## Assigned task
The material below contains a line with "Personalized Toddler Seersucker" and a line with "3 in 1 Electric". Copy exactly those two lines and all lines between them.

===== Supplied entries

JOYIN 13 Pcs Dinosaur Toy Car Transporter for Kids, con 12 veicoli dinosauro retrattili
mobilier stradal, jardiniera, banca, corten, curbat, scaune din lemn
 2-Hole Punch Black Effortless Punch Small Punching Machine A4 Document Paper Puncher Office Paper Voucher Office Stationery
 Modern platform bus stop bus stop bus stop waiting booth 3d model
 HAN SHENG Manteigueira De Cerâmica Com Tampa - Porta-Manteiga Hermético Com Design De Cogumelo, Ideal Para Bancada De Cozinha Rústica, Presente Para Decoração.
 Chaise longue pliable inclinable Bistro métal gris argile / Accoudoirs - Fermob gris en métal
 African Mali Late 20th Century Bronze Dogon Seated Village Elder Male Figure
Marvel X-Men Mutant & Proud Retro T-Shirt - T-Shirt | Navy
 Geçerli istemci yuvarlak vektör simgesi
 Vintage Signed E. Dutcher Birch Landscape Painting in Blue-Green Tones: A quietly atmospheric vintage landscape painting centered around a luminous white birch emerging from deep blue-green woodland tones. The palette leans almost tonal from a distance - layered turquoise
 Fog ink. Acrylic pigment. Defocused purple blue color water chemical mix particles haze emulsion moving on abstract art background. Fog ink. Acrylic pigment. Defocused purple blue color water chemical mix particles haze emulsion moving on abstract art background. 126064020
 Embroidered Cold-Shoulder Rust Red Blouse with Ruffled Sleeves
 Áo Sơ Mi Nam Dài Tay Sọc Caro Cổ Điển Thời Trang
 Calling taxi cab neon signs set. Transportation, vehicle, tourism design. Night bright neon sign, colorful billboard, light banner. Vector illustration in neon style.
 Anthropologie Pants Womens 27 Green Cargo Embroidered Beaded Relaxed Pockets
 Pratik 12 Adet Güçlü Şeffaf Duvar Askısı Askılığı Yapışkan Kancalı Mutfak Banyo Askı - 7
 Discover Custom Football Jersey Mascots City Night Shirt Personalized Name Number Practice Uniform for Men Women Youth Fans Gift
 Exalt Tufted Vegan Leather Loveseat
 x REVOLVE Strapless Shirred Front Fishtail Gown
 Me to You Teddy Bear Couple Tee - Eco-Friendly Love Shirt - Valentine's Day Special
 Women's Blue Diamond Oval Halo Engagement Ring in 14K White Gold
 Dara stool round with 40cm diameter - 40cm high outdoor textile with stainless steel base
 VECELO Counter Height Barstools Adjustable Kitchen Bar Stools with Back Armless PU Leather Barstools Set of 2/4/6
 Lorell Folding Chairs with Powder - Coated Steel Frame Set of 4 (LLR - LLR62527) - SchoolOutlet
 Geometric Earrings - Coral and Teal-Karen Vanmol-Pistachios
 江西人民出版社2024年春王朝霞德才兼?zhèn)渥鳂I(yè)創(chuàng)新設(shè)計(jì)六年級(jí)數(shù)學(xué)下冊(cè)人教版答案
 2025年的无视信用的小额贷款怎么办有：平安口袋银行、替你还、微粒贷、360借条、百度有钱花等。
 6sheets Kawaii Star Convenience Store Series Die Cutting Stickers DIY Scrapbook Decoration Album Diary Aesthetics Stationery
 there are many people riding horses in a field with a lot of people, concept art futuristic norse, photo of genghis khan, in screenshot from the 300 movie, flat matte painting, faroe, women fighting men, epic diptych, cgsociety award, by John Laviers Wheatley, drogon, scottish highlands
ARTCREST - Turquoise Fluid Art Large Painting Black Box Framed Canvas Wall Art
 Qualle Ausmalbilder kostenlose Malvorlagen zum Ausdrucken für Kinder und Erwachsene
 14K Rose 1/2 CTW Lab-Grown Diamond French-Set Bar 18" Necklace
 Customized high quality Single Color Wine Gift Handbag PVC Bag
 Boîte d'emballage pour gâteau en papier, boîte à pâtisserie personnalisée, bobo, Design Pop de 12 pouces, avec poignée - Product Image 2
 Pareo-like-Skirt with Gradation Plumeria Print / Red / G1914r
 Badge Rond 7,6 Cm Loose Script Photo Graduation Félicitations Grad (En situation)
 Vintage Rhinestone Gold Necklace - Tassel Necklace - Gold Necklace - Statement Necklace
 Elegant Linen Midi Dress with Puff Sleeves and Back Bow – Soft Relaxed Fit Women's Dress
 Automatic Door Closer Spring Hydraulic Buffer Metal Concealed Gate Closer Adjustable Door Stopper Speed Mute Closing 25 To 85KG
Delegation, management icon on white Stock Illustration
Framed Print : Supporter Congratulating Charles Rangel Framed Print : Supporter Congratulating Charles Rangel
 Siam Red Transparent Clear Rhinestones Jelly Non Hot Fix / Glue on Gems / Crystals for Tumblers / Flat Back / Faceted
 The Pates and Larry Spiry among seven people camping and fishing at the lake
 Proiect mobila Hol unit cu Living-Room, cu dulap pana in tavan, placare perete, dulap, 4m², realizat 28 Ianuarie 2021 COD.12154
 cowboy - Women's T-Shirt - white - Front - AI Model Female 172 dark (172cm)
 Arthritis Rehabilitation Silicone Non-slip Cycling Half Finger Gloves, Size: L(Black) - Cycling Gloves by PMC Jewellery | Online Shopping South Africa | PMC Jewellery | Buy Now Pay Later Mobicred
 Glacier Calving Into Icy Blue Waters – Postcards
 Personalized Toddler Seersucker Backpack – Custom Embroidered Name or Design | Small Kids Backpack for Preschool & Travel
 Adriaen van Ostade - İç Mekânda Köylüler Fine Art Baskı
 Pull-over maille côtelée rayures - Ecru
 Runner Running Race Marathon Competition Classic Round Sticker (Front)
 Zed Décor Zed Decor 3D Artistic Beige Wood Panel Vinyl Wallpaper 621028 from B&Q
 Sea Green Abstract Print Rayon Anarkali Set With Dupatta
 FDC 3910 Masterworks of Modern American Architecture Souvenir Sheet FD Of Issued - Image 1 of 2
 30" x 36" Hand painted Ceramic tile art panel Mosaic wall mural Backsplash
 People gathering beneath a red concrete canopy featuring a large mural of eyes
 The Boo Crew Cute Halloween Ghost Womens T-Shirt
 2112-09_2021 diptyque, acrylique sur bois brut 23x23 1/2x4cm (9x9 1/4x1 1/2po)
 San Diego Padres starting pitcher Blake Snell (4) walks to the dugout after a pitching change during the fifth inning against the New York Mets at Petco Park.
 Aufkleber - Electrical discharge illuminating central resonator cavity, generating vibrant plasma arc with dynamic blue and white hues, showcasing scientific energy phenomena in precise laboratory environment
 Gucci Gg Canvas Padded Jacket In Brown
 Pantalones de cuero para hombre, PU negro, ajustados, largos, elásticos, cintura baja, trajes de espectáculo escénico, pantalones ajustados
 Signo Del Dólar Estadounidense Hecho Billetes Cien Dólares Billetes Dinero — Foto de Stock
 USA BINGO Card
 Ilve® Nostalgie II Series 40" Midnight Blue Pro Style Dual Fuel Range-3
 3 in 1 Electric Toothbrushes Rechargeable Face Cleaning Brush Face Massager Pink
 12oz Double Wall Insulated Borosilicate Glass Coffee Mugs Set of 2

==========

## Answer space
 Personalized Toddler Seersucker Backpack – Custom Embroidered Name or Design | Small Kids Backpack for Preschool & Travel
 Adriaen van Ostade - İç Mekânda Köylüler Fine Art Baskı
 Pull-over maille côtelée rayures - Ecru
 Runner Running Race Marathon Competition Classic Round Sticker (Front)
 Zed Décor Zed Decor 3D Artistic Beige Wood Panel Vinyl Wallpaper 621028 from B&Q
 Sea Green Abstract Print Rayon Anarkali Set With Dupatta
 FDC 3910 Masterworks of Modern American Architecture Souvenir Sheet FD Of Issued - Image 1 of 2
 30" x 36" Hand painted Ceramic tile art panel Mosaic wall mural Backsplash
 People gathering beneath a red concrete canopy featuring a large mural of eyes
 The Boo Crew Cute Halloween Ghost Womens T-Shirt
 2112-09_2021 diptyque, acrylique sur bois brut 23x23 1/2x4cm (9x9 1/4x1 1/2po)
 San Diego Padres starting pitcher Blake Snell (4) walks to the dugout after a pitching change during the fifth inning against the New York Mets at Petco Park.
 Aufkleber - Electrical discharge illuminating central resonator cavity, generating vibrant plasma arc with dynamic blue and white hues, showcasing scientific energy phenomena in precise laboratory environment
 Gucci Gg Canvas Padded Jacket In Brown
 Pantalones de cuero para hombre, PU negro, ajustados, largos, elásticos, cintura baja, trajes de espectáculo escénico, pantalones ajustados
 Signo Del Dólar Estadounidense Hecho Billetes Cien Dólares Billetes Dinero — Foto de Stock
 USA BINGO Card
 Ilve® Nostalgie II Series 40" Midnight Blue Pro Style Dual Fuel Range-3
 3 in 1 Electric Toothbrushes Rechargeable Face Cleaning Brush Face Massager Pink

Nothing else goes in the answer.